→ BRIEF:
Return the lines below in which the string "Casa" occurs.

(Items from a dataset)
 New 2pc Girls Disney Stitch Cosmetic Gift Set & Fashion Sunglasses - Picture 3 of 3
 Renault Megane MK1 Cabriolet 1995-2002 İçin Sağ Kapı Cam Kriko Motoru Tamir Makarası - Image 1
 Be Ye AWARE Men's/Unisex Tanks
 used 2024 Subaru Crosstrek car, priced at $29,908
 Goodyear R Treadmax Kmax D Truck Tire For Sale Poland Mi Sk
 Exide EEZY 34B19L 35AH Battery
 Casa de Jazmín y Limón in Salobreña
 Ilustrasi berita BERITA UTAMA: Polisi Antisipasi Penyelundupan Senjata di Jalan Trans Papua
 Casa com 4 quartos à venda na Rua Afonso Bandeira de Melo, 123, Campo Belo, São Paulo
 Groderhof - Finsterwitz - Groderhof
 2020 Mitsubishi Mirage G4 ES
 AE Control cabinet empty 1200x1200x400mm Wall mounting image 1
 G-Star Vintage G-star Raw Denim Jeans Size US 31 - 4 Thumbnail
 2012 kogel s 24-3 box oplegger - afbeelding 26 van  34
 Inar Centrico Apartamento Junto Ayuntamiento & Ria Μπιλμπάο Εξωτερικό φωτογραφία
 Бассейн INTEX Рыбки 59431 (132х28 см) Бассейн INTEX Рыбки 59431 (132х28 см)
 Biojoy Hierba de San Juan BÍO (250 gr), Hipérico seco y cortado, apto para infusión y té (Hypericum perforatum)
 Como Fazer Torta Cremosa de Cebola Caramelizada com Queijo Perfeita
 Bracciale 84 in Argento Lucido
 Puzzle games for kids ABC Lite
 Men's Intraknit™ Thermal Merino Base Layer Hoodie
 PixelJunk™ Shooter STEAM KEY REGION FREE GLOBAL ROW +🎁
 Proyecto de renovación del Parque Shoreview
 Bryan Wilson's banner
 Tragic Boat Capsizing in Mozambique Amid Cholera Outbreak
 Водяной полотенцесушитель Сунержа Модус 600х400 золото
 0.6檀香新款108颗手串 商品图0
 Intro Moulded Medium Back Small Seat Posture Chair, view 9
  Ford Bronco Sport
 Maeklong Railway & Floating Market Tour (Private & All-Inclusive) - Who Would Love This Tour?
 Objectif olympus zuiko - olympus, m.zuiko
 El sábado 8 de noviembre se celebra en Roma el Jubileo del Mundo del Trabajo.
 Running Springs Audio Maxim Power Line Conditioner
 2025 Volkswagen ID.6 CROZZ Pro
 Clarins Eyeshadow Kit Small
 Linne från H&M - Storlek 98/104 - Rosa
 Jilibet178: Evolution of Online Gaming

→ ANSWER BOX:
 Casa de Jazmín y Limón in Salobreña
 Casa com 4 quartos à venda na Rua Afonso Bandeira de Melo, 123, Campo Belo, São Paulo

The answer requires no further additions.